EDITORIAL: Living with a strong NT dollar

Sun, Jan 09, 2011 - Page 8

The latest economic data released last week suggested that the nation’s external trade remains in good shape and domestic inflation is under control. However, the local stock market opened the first week of the year with a fall of 2.12 percent and the New Taiwan dollar passed the key NT$30 per US dollar level at the close of trading on Friday, for the first time in 13 years.

The question is why this positive economic data have not translated into bullish market sentiment. Is foreign capital being pulled out of local equities? Has the central bank become more accepting of a stronger NT dollar?

There are no simple answers to these questions. Instead, the current situation reflects the fact that, regardless of how positive the economic data, the business climate and market sentiment can change with unexpected speed.

On Friday, the Ministry of Finance reported that exports last month grew at a pace of 19.1 percent year-on-year to US$23.8 billion, the 14th straight monthly increase, while imports grew 21.4 percent to US$22.2 billion. For the whole of last year, exports expanded 34.8 percent to a record US$274.64 billion and imports at an even more rapid pace of 44.2 percent to US$251.4 billion, also a record.

Last year’s external trade figures were impressive in terms of both exports and imports. However, that recovery is a thing of the past. The recent heavy snowstorms in the US and Europe as well as rising wages in China and efforts to damp down the overheating Chinese economy have now emerged as new worries for Taiwanese exporters.

Local PC brand Acer Inc confirmed last week that it would probably miss its fourth-quarter sales target because of the bad weather in Europe, but it is unlikely to be the only company falling short of its targets this year.

As local shares rose 9.58 percent last year, it would not be unreasonable to expect a short-term market correction, but nothing has changed the central bank’s position on “hot money” inflows and the appreciation of the NT dollar, as long as the extra-loose monetary policy adopted in Western countries remains in place.

As such, the central bank’s decision on Friday — to allow the NT dollar to close the session at NT$29.8 against the US dollar, a level not seen since Oct. 20, 1997 — was unusual.

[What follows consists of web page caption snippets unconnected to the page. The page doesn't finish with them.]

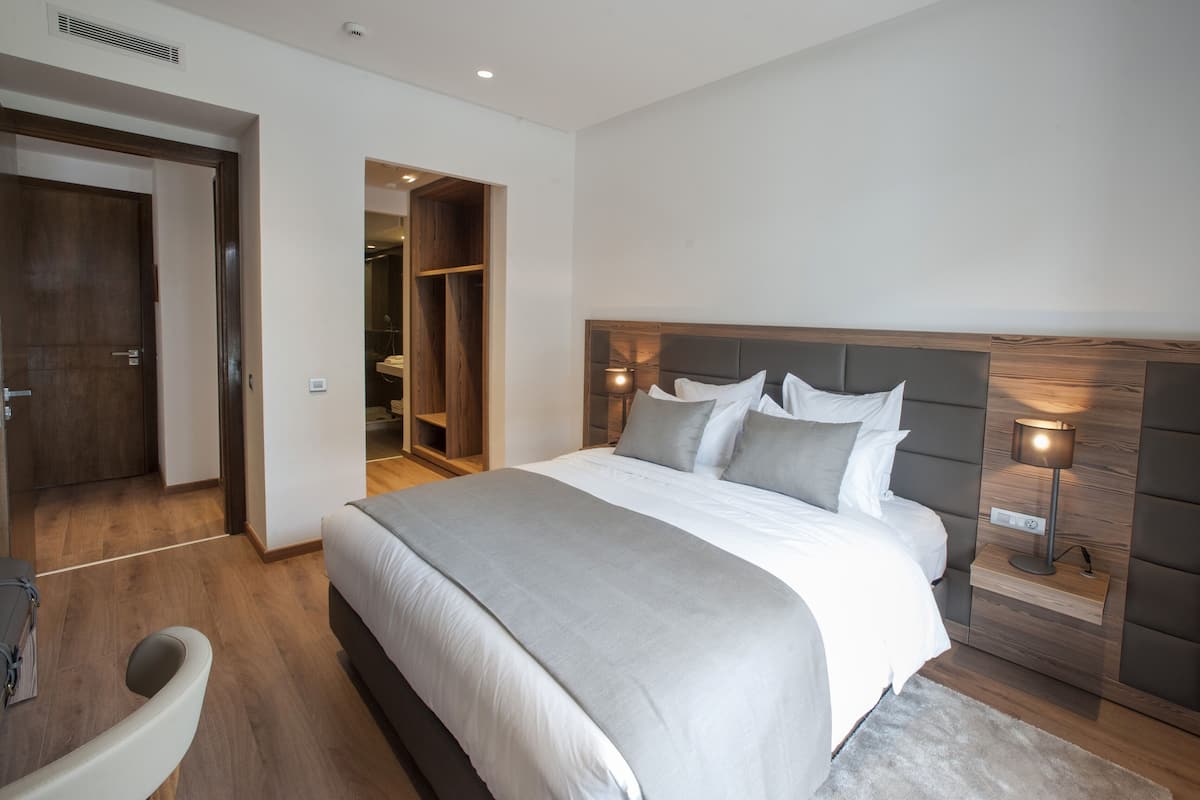 Une chambre moderne avec un grand lit, une tête de lit en bois, des lampes de chevet et un dressing.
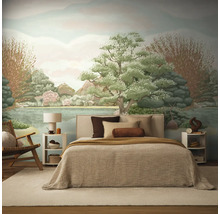 Slaapkamer met groot landschapsbehang met bomen en een meer, voor een tweepersoonsbed in natuurtinten.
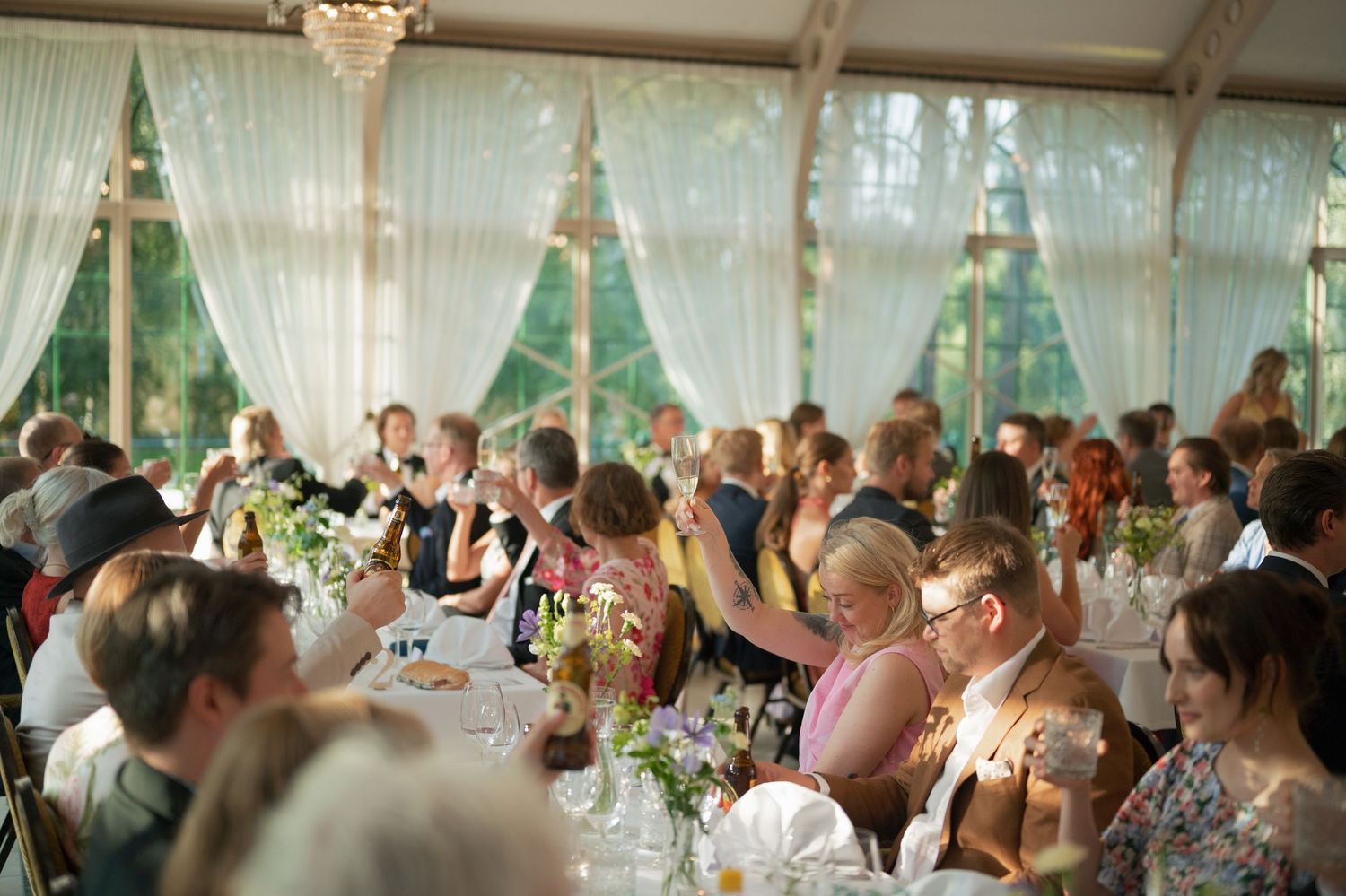 Wedding guests celebrating and raising glasses during reception dinner.
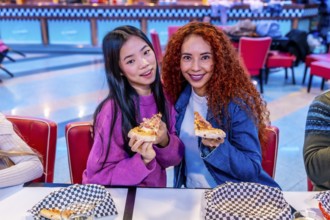 Two young women enjoying pizza slices at a bowling alley restaurant, celebrating friendship and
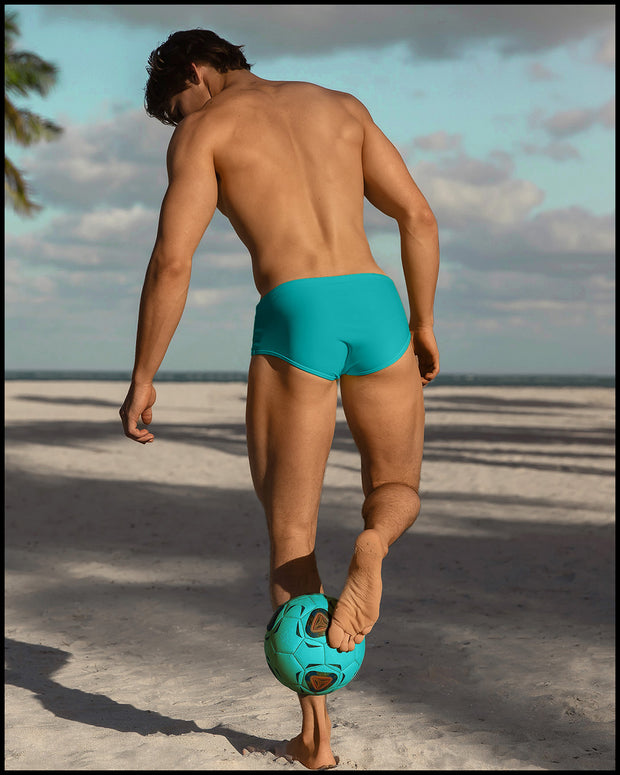 Male model outdoors at the beach playing volleyball wearing the CERULEAN a teal green/blue color Swim Sunga by BANG! Clothes.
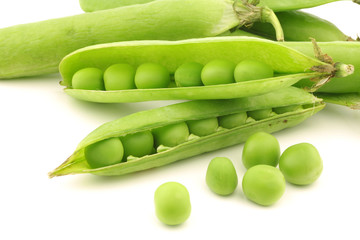 opened green pea pods with peas visible on a white background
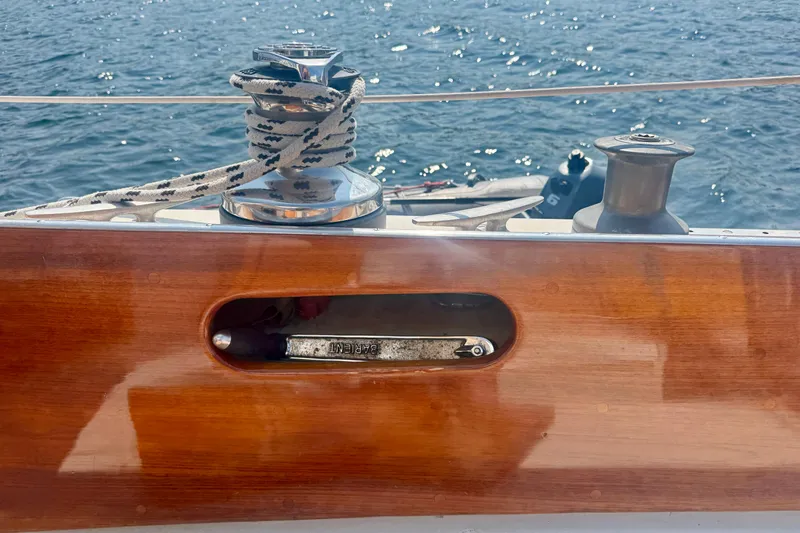 Slide: The Image of Polished wood deck of 1970 Hincley 38 sailboat with winch and rope. - 14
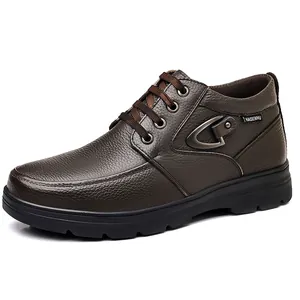 Side view of men's brown leather high-top boot with textured finish and buckle detail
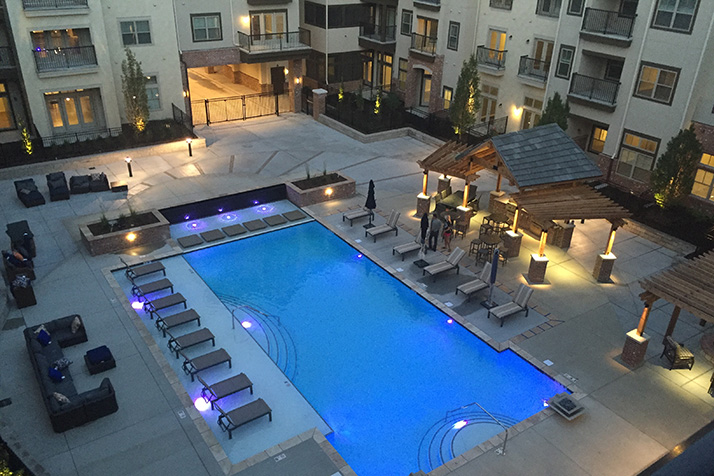The apartments overlook a courtyard with a luxury pool and gas grills that residents can use for entertaining. Photo courtesy Mission 106.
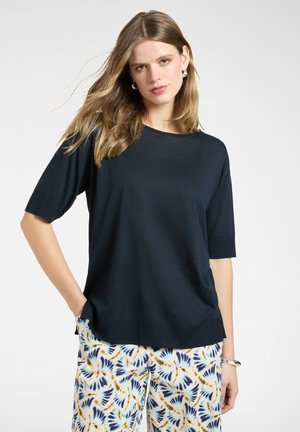 Kvinde med langt blondt hår iført en løs mørkeblå skjorte og hvide bukser med blå og gule abstrakte fjer-mønstre.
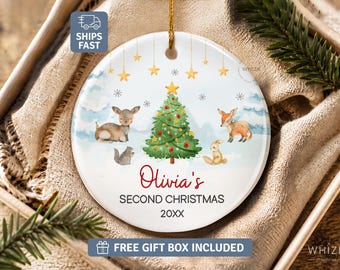 May include: A round white ceramic ornament featuring a watercolor illustration of a green Christmas tree, a deer, a fox, a rabbit, and a squirrel. The text reads Olivia's SECOND CHRISTMAS 20XX, accented by hanging gold stars and snowflakes.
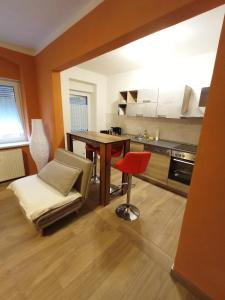 a kitchen with a table and a red stool in a room at kleine 1-Raum-Ferienwohnung mit hohem Komfort in Teuchern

Indeed, although the greenback has recently gained in strength against most Asian currencies and the euro, the NT dollar was one of only two Asian currencies to trade higher against the US dollar on Friday. The other was the New Zealand dollar.

Some argue that the central bank is willing to tolerate a stronger NT dollar because Taiwanese exporters have learned how to hedge foreign exchange losses. Others suggest this is essentially an effort by the central bank to pre-empt inflation driven by rising import material prices.

Perhaps the central bank has come to realize that its alleged interventions in late trading sessions over the past few months has so far failed to ease market expectations of further currency appreciation.

Given that the closing prices of the NT dollar over the past few months has become a reference mark rather than a real price, it is reasonable to assume that the central bank is looking for different ways to deal with the currency issue.

Naturally, the bank is not going to announce what that will be, but it has now sent a clear message to the market that it would accept an NT dollar rise to above the NT$30 level. People must now learn to deal with a stronger NT dollar and exporters especiallyneed to be aware of the possible consequences.